While commercial wireless networks are congested, frequencies set aside for military purposes are lightly used. Now wireless researchers and the U.S. Navy will get a chance to see whether some of those airwaves can be shared, which could lead to innovative new services.
In a test on Monday, the Navy will fire up an AN/SPY 1 radar—a powerful system that normally scans for incoming missiles and bombers—on an island off Virginia’s eastern shore. At the same time, visiting academic and corporate researchers will tune portable wireless transmitters to the same frequency to see what happens.
“We will be running an LTE signal and understanding the impact of radar on that LTE signal,” says Jeff Reed, director of the wireless research center at Virginia Tech, one of the researchers involved in the test. “Hopefully no missile will be fired as part of this test.”
The spectrum skirmish—on Wallops Island, a NASA launch site that is also home to the Naval Sea Systems Command—is the first step in the next phase of spectrum sharing to open up airwaves. It could pave the way for 4G LTE networks that institutions like hospitals or public safety agencies could set up without relying on the major carriers.
“It’s a big deal,” says Vanu Bose, CEO of Vanu, a Cambridge, Massachusetts, company that makes custom wireless communications systems. “The majority of federal spectrum use is for radars of one kind or another, but many of these systems are used sparingly.”
This test is one of many ways that the government could implement White House recommendations on spectrum sharing to free up bandwidth now locked down by government, broadcasters, and others (see “Spectrum of Issues”).
The concept is similar to the approach of using so-called “white spaces”—in which TV spectrum can be borrowed for use at certain times and in certain places to provide Internet broadband or cellular service (see “TV Airwaves Fill the Broadband Gaps”). But sharing military spectrum could have much bigger effects. Whereas TV spectrum can be borrowed mainly in rural areas, frequencies are reserved even in big cities for radar used by the Navy and other branches of the military. They cover 60 percent of the American population, where the most wireless congestion is now experienced.

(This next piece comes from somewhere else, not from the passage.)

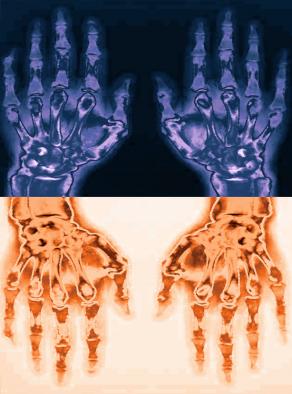 Analisi di una coppia in crisi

Policymakers and researchers hope the radar bands (3550 to 3650 megahertz) could provide another way to provide long-range Wi-Fi with only small modifications to existing transmitters, known as small cells, that support existing LTE and Wi-Fi (see “Tiny Transmitters Could Help Avert Data Throttling”).
Not everyone will get to use the Pentagon’s spectrum. Hospitals and other institutions with public safety functions —including utilities and law-enforcement agencies—would get first crack. “A hospital might need a high-bandwidth wireless network within its walls—right now they would have to rely on a wireless carrier. This would present a new way for them to do it,” saving money and increasing privacy while not clogging commercial networks, Reed says.
Sharing military spectrum will be a little trickier than sharing TV white spaces. Both approaches rely on databases that keep track of when and where spectrum can be shared. But unlike TV stations, Navy ships and radar systems can move around—and the government doesn’t necessarily want everyone knowing where they are.
But Peter Stanforth, chief technology officer of Spectrum Bridge—a company in Florida that facilitates the use of TV white spaces and is participating in the Wallops tests—says there can be ways to obscure this information. And in any event, he says, it’s possible today to use sensors to detect if any transmissions are occurring in the 3550 to 3650 megahertz band. Any such transmissions must be military. “If it is shared, I can’t be sure who is using it,” he says.
After wireless transmissions are made in the vicinity of high-power Navy radars during next week’s tests, researchers will have a better idea of the precise conditions under which the spectrum sharing is feasible. The next step will be for the U.S. Federal Communications Commission to formally define a rule, which could take at least a year.